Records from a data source
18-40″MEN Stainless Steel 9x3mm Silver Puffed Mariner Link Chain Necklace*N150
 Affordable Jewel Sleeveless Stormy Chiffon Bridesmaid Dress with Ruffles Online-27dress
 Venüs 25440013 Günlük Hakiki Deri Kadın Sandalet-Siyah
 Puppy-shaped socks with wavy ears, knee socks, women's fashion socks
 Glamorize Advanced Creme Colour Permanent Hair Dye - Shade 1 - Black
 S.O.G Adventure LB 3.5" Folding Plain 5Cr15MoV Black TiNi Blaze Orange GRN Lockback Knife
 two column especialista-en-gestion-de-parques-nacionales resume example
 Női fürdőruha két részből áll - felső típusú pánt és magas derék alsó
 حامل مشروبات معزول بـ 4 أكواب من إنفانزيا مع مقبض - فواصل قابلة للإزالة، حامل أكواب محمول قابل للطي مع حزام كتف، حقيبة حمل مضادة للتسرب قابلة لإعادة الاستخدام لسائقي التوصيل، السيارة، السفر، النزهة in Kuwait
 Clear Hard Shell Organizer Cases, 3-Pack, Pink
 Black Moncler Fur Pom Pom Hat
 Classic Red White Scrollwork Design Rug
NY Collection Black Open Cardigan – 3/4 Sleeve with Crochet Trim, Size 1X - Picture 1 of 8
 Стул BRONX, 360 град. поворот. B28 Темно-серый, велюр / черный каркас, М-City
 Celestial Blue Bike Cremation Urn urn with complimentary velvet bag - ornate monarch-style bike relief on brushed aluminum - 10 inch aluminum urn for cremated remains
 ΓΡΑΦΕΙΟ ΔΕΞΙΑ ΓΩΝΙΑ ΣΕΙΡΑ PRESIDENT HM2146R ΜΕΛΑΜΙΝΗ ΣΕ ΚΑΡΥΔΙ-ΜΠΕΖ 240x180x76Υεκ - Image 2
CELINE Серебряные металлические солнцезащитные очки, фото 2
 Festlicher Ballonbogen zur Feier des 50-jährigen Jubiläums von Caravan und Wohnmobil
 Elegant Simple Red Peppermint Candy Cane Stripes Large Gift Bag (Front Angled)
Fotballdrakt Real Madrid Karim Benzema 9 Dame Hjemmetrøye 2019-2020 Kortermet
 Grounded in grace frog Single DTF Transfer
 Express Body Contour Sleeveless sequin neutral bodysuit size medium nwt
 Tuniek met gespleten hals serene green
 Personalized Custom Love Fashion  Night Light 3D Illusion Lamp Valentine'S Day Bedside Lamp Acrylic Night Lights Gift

[Assignment] Please give an exact copy of the lines above, beginning with the line containing "NY Collection Black" and running through the line containing "ΓΡΑΦΕΙΟ ΔΕΞΙΑ ΓΩΝΙΑ", and of no other lines.

[Solution to the problem]
NY Collection Black Open Cardigan – 3/4 Sleeve with Crochet Trim, Size 1X - Picture 1 of 8
 Стул BRONX, 360 град. поворот. B28 Темно-серый, велюр / черный каркас, М-City
 Celestial Blue Bike Cremation Urn urn with complimentary velvet bag - ornate monarch-style bike relief on brushed aluminum - 10 inch aluminum urn for cremated remains
 ΓΡΑΦΕΙΟ ΔΕΞΙΑ ΓΩΝΙΑ ΣΕΙΡΑ PRESIDENT HM2146R ΜΕΛΑΜΙΝΗ ΣΕ ΚΑΡΥΔΙ-ΜΠΕΖ 240x180x76Υεκ - Image 2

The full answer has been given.